▶ [TASK BRIEF] Only the lines below between the one holding "2004 GMC Yukon" and the one holding "Torebka damska czarna", inclusive, are to be reproduced word for word; the pictures are to be left out.

▶ [DATA TO USE]
-------
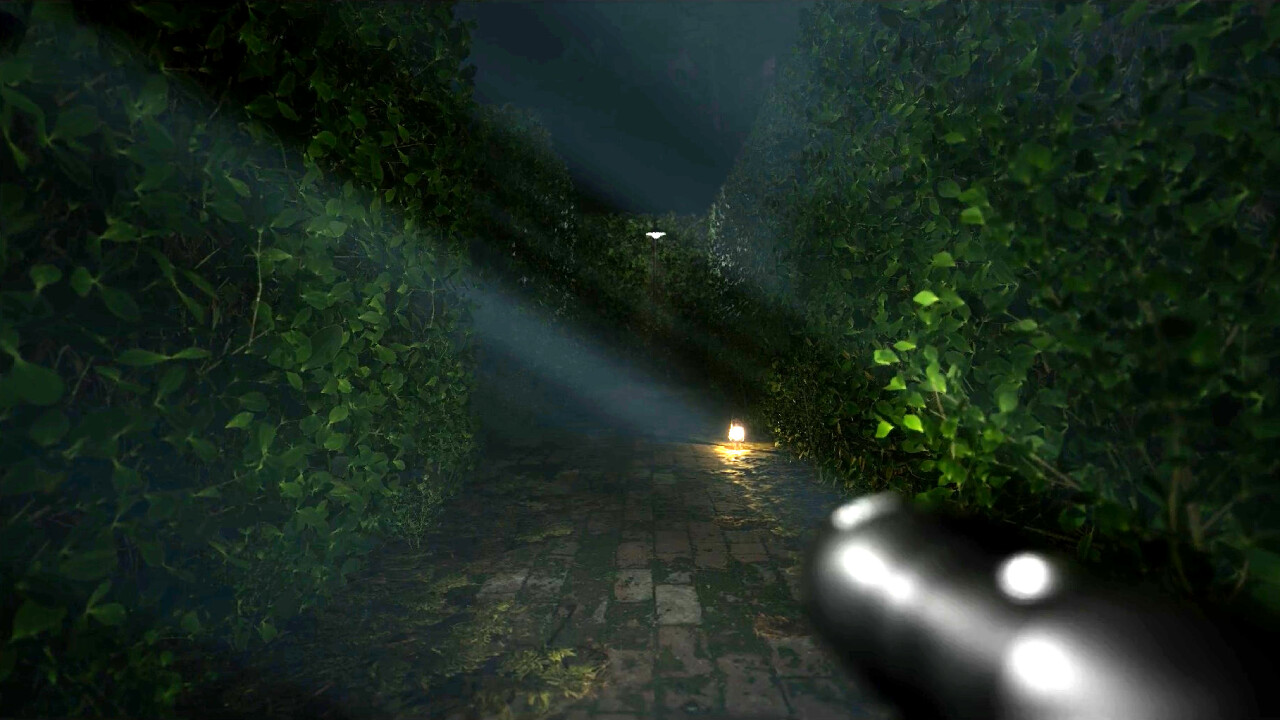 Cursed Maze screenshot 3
-------
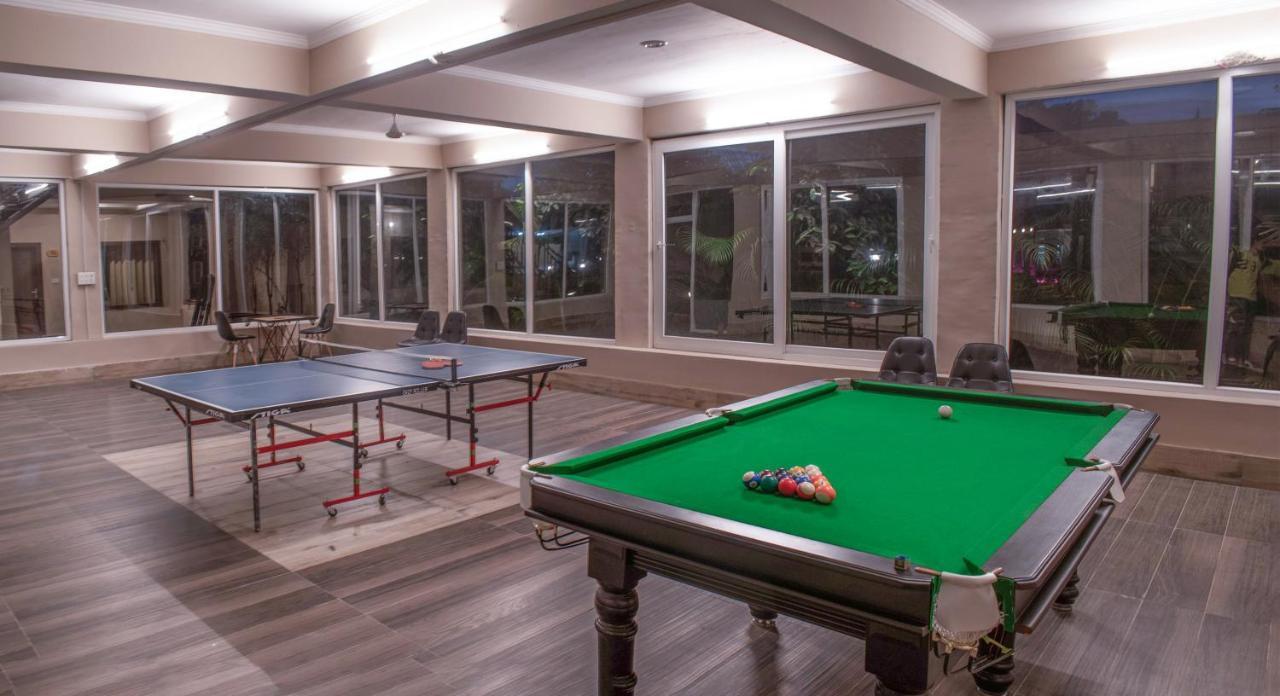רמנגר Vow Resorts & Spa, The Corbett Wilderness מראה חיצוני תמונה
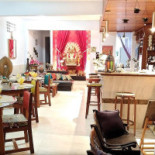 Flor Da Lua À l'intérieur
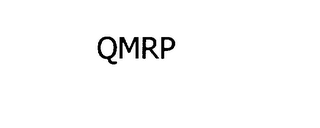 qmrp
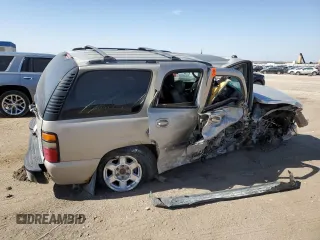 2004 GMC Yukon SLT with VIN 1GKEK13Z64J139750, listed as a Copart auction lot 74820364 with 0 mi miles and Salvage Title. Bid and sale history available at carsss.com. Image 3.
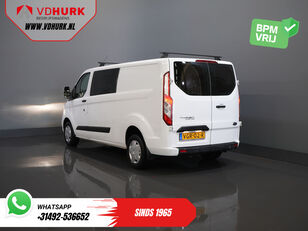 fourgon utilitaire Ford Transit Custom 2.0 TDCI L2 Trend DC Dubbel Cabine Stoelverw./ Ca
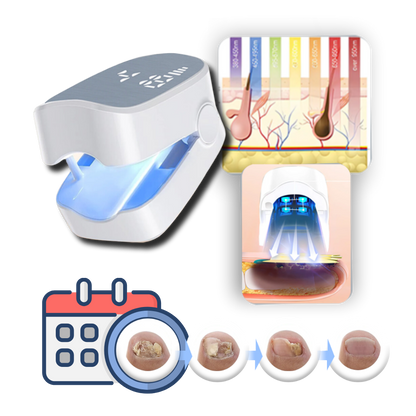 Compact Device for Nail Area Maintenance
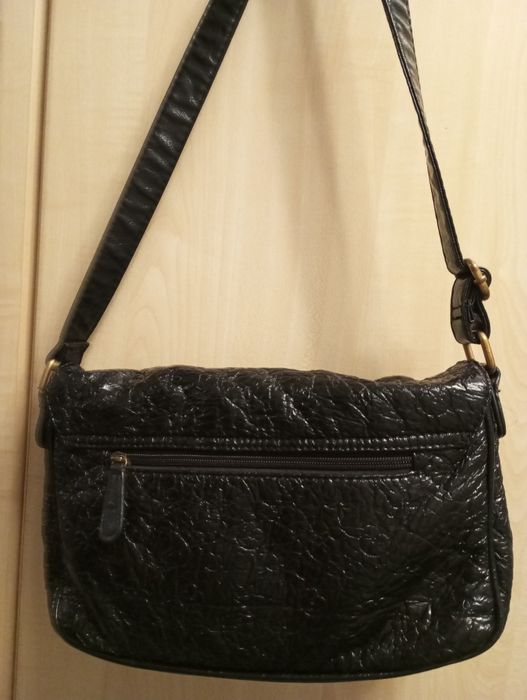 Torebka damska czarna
-------
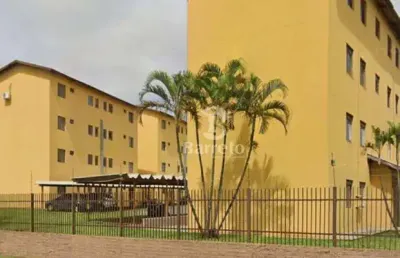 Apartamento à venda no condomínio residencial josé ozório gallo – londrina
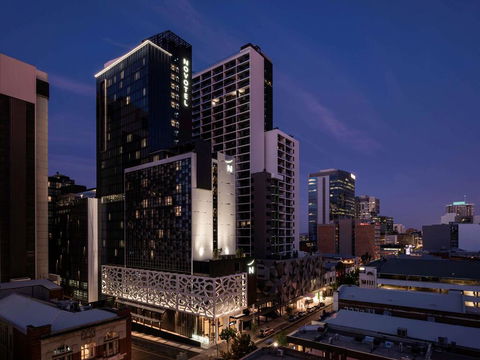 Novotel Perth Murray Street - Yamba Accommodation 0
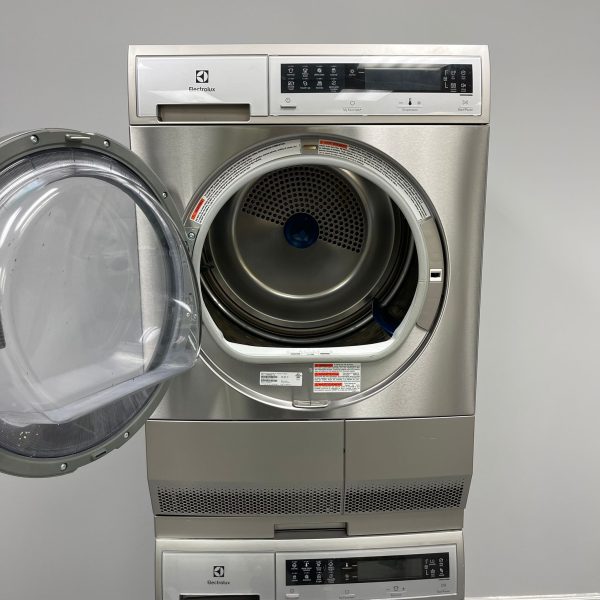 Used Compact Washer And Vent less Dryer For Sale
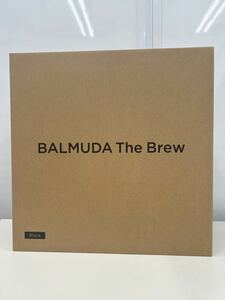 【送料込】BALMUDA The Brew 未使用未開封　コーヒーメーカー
-------
▶ [SOLUTION TO THIS EXERCISE]
 2004 GMC Yukon SLT with VIN 1GKEK13Z64J139750, listed as a Copart auction lot 74820364 with 0 mi miles and Salvage Title. Bid and sale history available at carsss.com. Image 3.
 fourgon utilitaire Ford Transit Custom 2.0 TDCI L2 Trend DC Dubbel Cabine Stoelverw./ Ca
 Compact Device for Nail Area Maintenance
 Torebka damska czarna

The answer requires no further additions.